__Work task__.
Go through the data below. List every line that holds the word "Image".

__The input__.
================================
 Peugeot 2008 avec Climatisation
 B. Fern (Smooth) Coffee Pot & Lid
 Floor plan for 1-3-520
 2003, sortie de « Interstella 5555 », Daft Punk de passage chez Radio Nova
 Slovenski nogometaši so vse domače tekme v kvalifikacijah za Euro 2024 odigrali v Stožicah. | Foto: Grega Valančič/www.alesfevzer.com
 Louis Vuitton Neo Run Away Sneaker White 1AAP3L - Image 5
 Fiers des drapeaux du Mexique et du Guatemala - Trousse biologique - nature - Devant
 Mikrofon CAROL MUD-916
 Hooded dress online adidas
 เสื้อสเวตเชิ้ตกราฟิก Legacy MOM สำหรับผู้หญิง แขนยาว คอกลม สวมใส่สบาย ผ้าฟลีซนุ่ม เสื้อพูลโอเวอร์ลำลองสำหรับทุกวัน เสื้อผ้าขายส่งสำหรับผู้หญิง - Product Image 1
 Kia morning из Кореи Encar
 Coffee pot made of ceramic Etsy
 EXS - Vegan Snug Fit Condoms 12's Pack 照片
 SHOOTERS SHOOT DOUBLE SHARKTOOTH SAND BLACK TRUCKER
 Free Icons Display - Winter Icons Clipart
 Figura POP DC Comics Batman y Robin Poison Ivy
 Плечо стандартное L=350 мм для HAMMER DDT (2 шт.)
================================
__Exercise output__.
 Louis Vuitton Neo Run Away Sneaker White 1AAP3L - Image 5
 เสื้อสเวตเชิ้ตกราฟิก Legacy MOM สำหรับผู้หญิง แขนยาว คอกลม สวมใส่สบาย ผ้าฟลีซนุ่ม เสื้อพูลโอเวอร์ลำลองสำหรับทุกวัน เสื้อผ้าขายส่งสำหรับผู้หญิง - Product Image 1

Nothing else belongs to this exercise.